Apesar de não existir relação direta entre as duas estações, El Niño e aquecimento global podem influenciar temperatura no verão
O inverno deste ano foi um dos mais quentes já registrados no País. Por isso, é natural a apreensão de como será o verão. No entanto, não há uma conexão direta entre as duas estações. As elevadas temperaturas registradas nos últimos meses foram influenciadas por diversos fatores, alguns inerentes ao inverno, como o clima seco e a falta de chuvas, e outros atípicos, incluindo o El Niño e os efeitos do aquecimento global.
"Tem uma questão de sazonalidade envolvida. Ocorrências como ondas de calor de dez dias com temperaturas de 40ºC ou mais no centro do País, isso não deve acontecer no verão, pois são resultado de toda a estação seca. Algo que levou meses para ser construído, como criar condições da atmosfera e do solo, vegetação muito secos, para que isso acontecesse", explica a meteorologista Estael Sias, sócia-diretora na empresa MetSul e mestre pela Universidade de São Paulo (USP) na área de tempestades.
"Tivemos registros de 42ºC a 44ºC no inverno, caracterizando uma onda de calor com cinco a sete dias consecutivos de temperaturas extremamente elevadas em cidades do centro do País. No verão, é mais difícil termos esse período prolongado, que definimos como onda de calor, devido às chuvas frequentes", completa.
Como será o verão ?
Entretanto, isso não significa que uma das estações mais aguardadas do ano será amena. Ao contrário, a previsão é de que o verão atinja temperaturas acima da média, o que, combinado com a umidade elevada, resultará em uma sensação de abafamento.

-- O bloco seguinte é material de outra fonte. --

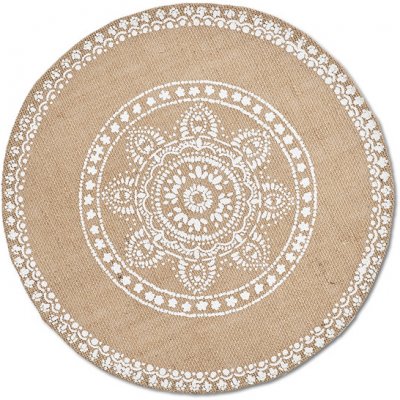 Zeller Prostírání Mandala lněné průměr 38cm – Zboží Dáma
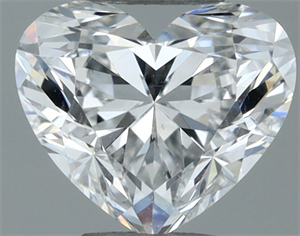 Picture of Natural Diamond 0.50 Carats, Heart with  Cut, E Color, SI1 Clarity and Certified by GIA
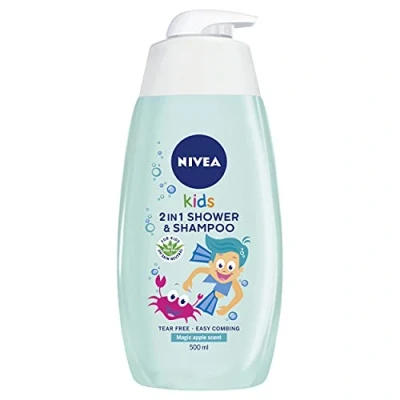 Afbeelding van Nivea Kids Body Wash 2In1 About Apple Caramel Fragrance 500Ml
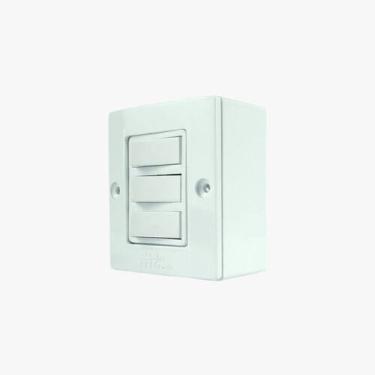Imagem de Conjunto Interruptor Sobrepor Millenium Mec Tronic - Mec-Tronic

"A gente fala que no verão vai ter temperatura acima da média, talvez crie uma expectativa de que seja aquele terror do inverno, mas é um calor diferente. É um calor mais úmido e é mais desconfortável. O que a gente prevê é sensação de abafamento, madrugadas muito abafadas, em que a temperatura fica alta. Mas o calor da tarde, comparado a anos anteriores, deve ficar um pouco acima da média", explica.
"O verão é chuvoso. A chuva não deixa a temperatura passar muito dos 32ºC, 35ºC. Mas aí a combinação desses 32ºC com umidade de 50%, 70 % traz sensação de abafamento, de desconforto. No inverno, o ar é muito seco, a baixa umidade não interfere na sensação", completa.

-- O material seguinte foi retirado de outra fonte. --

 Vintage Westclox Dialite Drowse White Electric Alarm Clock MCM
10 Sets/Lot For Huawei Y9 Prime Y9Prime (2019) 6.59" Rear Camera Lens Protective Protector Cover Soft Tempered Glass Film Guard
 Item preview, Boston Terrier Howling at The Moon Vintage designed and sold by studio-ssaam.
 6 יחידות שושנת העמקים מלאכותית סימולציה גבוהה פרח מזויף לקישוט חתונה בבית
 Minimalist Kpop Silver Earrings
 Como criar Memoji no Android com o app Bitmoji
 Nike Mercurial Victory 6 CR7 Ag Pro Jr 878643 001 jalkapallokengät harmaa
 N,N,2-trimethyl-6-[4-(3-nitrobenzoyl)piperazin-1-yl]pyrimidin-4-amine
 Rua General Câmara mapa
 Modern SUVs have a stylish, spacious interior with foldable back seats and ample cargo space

Apesar de prever temperaturas elevadas nesta estação, não há informações que indiquem a quebra de novos recordes de calor.
"Não acredito que teremos esses extremos prolongados porque a chuva 'quebra'. Ela impede que a temperatura suba tanto, ao contrário do que ocorre na ausência dela, como vimos em setembro e novembro com aquelas ondas de calor mais extremas. Portanto, a tendência é de temperaturas um pouco acima da média, mas não prevejo extremos prolongados com ondas de calor como as que experimentamos", avalia.
El Niño e aquecimento global
Entretanto, fatores atípicos, como o El Niño, continuam a contribuir para o aumento das temperaturas e podem manter sua influência durante o verão.
"O fenômeno El Niño [aquecimento acima da média das águas do Oceano Pacífico Equatorial] tende a favorecer o aumento da temperatura em várias regiões do planeta. Portanto, nos próximos meses ainda estaremos sob atuação do fenômeno, e, consequentemente, as temperaturas em grande parte do Brasil ainda continuarão acima da média, principalmente nas regiões Norte e Nordeste. Porém, vale ressaltar que a ocorrência de dias consecutivos com chuva amenizam as temperaturas", informou o Instituto Nacional de Meteorologia (Inmet) ao Terra.
O aquecimento global é outro fator que tem exercido influência nas temperaturas desta estação, podendo resultar em ondas de calor fora de época, de acordo com a avaliação da meteorologista .
"O aquecimento global pode deflagrar uma maior frequência dessas ondas de calor extremas que nós tivemos no inverno. Foi feito um estudo de atribuição em que essas ondas de calor mais prolongadas do que o normal e mais frequentes dentro de um mesmo ano, em 90 dias, estão relacionadas com o aquecimento global", pontua Estael.